View from the top
Peter Richards, the new general manager at Gulftainer, is feeling bullish about the region’s future. However, the port management company must tackle a series of challenges before reaching its full potential, he explains to Sea Freight Middle East.
Growing at terminal velocity?
When Peter Richards joined Gulftainer in 1986, shipping at port facilities in the region was in its infancy. In the two decades since, the Middle East has seen its termini transformed into the most modern facilities in the world, with year-on-year growth to make other global ports pale in comparison. “The current growth levels are very encouraging and I can foresee double digit growth for Sharjah terminals for the next three to five years at least,” he says optimistically.

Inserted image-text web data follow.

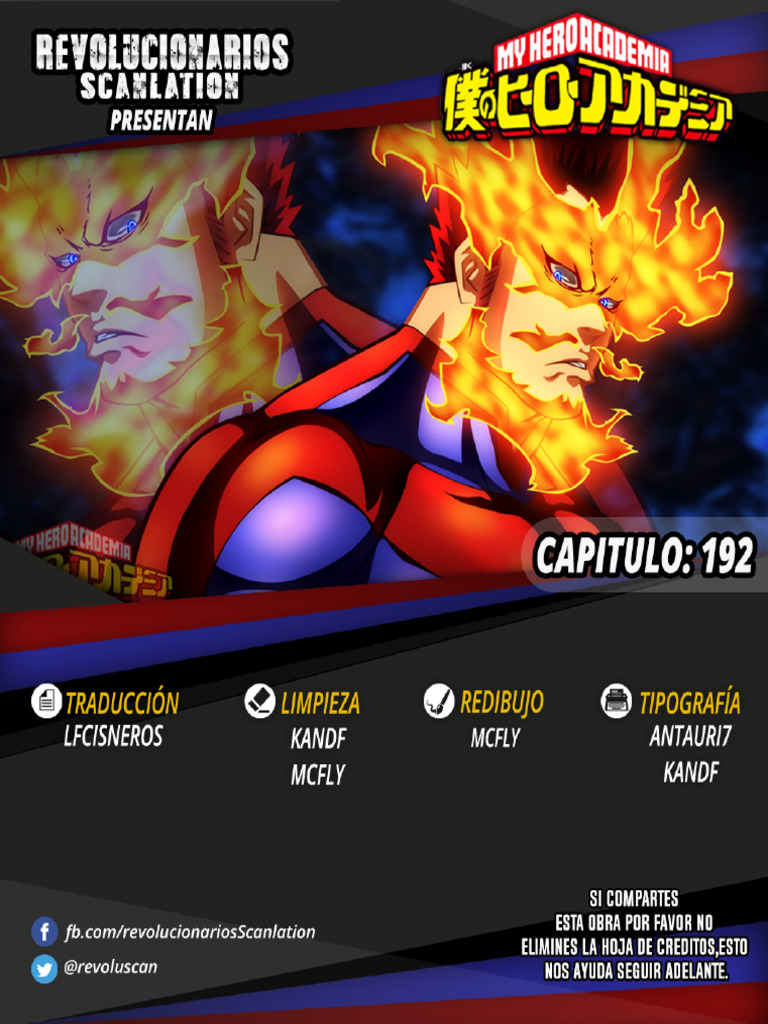 My Hero Academia 192 | PDF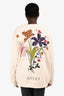 Gucci Cream Cotton 'Chateau Marmont' Sweatshirt Size L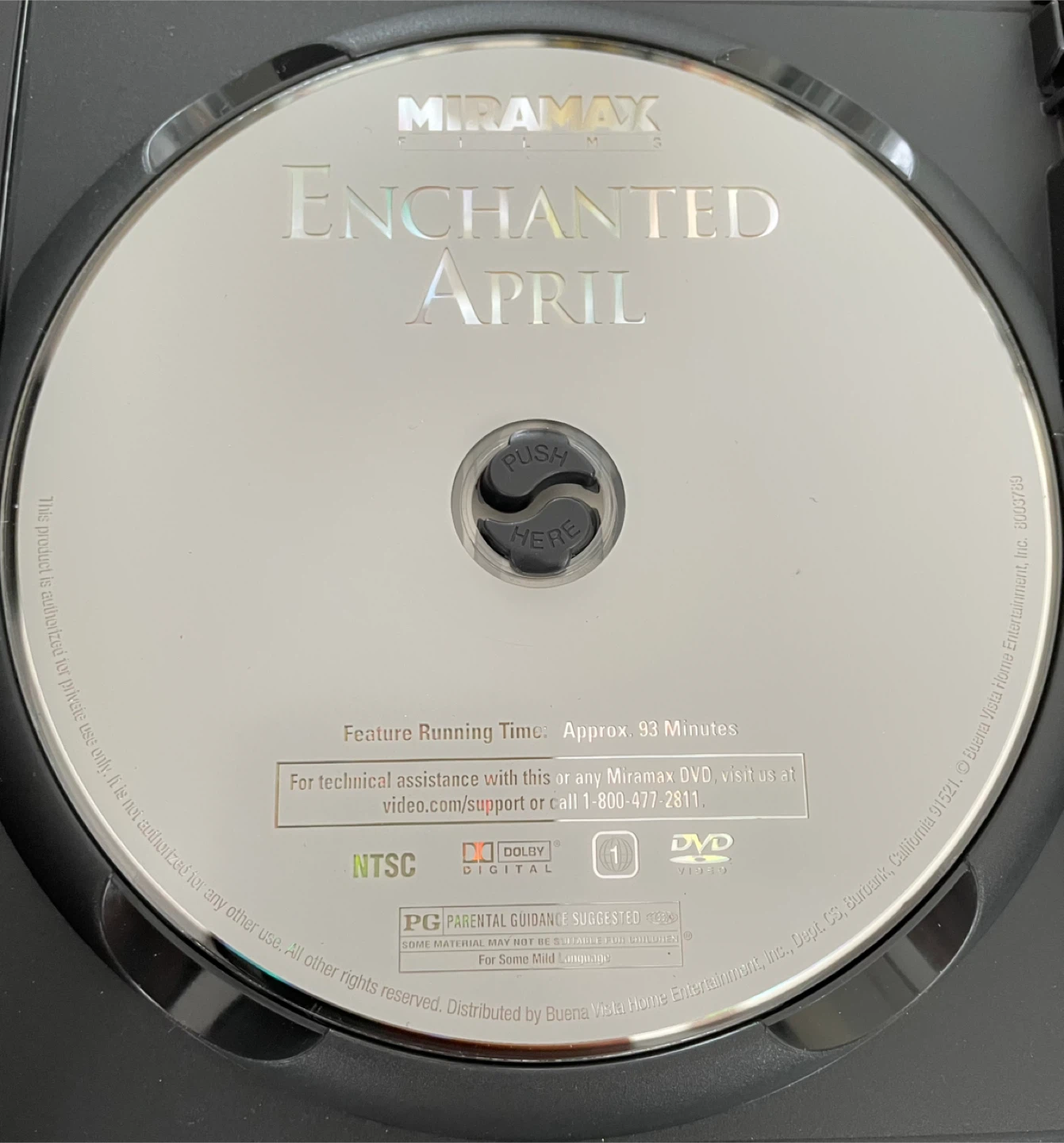 Enchanted April Dvd, Out Of Print - photo 4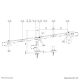 19. Desk mount for 3 monitors 10-27" NEOMOUNTS DS60-600BL3
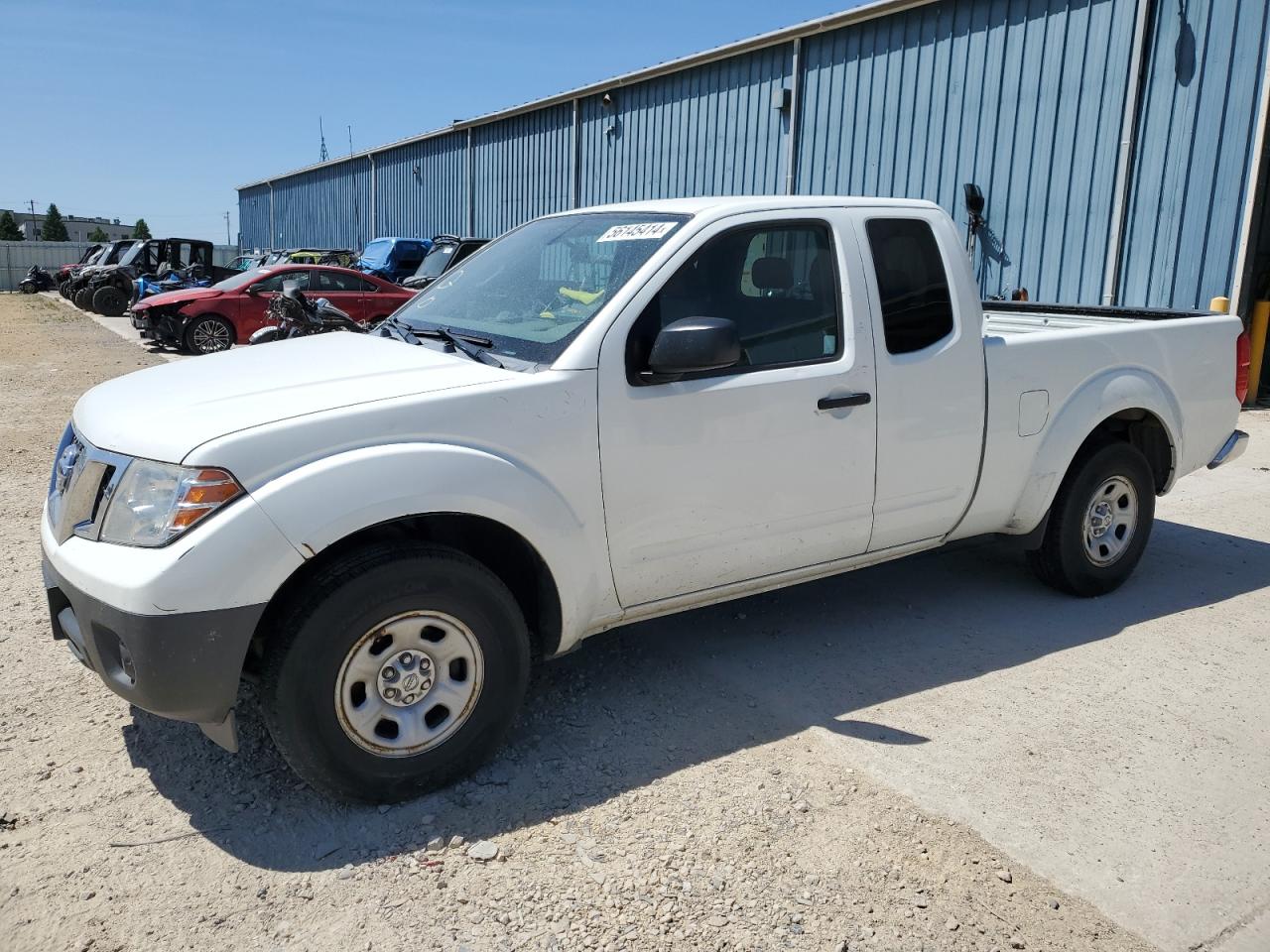 NISSAN FRONTIER 2016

However, while port investment and expansion continues unabated, Richards also believes key operators are suffering, due to asymmetrical shortfalls beyond their facilities. “All the terminals in the UAE will have to develop to a certain degree,” he continues. “The big problems facing importers and exporters lies in the infrastructural stoppages experienced beyond the port itself. At present there is no rail network, so everything is trucked by road and while the development boom is certainly evident on the maritime side, the upgrades to the road network have not kept up with the increasing traffic load.”
The situation has developed to such a point that distributors who, only three years ago, were capable of getting in and out of UAE ports three or four times a day, are now being limited to one movement in the same timeframe. Indeed, congestion and transit limitations for heavy goods vehicles have led to long queues waiting to enter Jebel Ali port.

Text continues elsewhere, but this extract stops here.